3.4.2 Suggested Documentation Sections for Models

Machine learning models use statistical techniques to make predictions based on known inputs.Momin M. Malik. (2019). Can algorithms themselves be biased? Medium. https://medium.com/berkman-klein-center/can-algorithms-themselves-be-biased-cffecbf2302c They are incorporated into many real-world systems and business processes where prediction and estimation is valuable.

Model transparency is important because ML models are used in making decisions, and a society can only be accountable and fair if the decision-making within it is understandable, accountable, and fair. Clarifying the basis of a recommendation helps in achieving these objectives. When people know that the models they are designing will be accountable and understandable, they have strong reasons to aim at fairness.

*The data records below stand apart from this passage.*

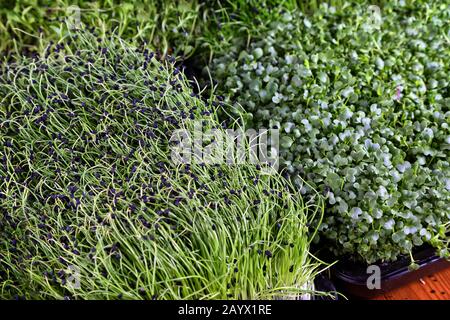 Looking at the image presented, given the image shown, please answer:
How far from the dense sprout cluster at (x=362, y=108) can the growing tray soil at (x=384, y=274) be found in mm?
36

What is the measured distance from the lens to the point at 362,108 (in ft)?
5.23

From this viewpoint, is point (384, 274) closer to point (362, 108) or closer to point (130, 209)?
point (362, 108)

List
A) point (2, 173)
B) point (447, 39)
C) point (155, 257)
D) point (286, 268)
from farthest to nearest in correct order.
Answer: point (447, 39) < point (2, 173) < point (286, 268) < point (155, 257)

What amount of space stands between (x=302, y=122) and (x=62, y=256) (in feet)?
2.38

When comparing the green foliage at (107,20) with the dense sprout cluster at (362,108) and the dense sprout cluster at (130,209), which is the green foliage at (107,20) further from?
the dense sprout cluster at (130,209)

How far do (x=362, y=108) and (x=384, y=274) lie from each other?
497mm

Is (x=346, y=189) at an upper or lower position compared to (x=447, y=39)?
lower

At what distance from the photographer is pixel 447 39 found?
1.83 meters

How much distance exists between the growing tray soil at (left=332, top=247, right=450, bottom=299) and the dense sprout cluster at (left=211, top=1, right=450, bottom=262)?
4 cm

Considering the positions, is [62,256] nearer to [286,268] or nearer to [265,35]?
[286,268]

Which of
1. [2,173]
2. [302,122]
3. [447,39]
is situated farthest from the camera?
[447,39]

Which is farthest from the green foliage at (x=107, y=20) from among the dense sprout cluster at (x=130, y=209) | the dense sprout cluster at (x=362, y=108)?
the dense sprout cluster at (x=130, y=209)

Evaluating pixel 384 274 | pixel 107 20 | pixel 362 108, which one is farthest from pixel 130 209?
pixel 107 20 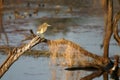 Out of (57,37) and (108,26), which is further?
(57,37)

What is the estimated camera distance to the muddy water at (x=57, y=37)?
15.6 m

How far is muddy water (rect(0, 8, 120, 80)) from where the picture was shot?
1561cm

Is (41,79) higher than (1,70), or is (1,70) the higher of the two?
(1,70)

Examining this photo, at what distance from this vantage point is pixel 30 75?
15992 millimetres

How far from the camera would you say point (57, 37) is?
80.9 feet

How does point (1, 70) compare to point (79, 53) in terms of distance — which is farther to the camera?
point (79, 53)

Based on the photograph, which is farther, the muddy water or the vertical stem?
the muddy water

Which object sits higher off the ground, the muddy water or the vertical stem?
the vertical stem

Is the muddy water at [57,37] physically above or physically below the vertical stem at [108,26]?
below

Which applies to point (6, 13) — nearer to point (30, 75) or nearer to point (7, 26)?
point (7, 26)

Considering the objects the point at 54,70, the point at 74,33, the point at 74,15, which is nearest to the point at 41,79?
the point at 54,70

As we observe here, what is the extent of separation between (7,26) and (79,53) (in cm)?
1671

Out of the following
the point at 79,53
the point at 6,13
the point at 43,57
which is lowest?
the point at 6,13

Model documentation becomes even more important as machine learning gets incorporated into systems making high-stakes decisions. For example, some states in the US are implementing ML-based risk assessment tools in the criminal justice system. From a societal perspective, it is important that any products with so much potential impact on individual well-being are accountable to the people they impact, so it is particularly untenable for these products to remain wholly “black boxes.” Other high-stakes applications of machine learning include models that determine the distribution of public benefits, models used in the healthcare industry that impact consumer premiums under risk-based payment models, or facial recognition models used by law enforcement.

The documentation steps outlined in this section apply to models built on static data, which does not change after being recorded, using various methods including supervised learning, unsupervised learning, and reinforcement learning. While these models are also relevant, at this time, the guidelines below are less applicable to models that use streaming data, such as online learning models, where the dataset or metrics are dynamically changing.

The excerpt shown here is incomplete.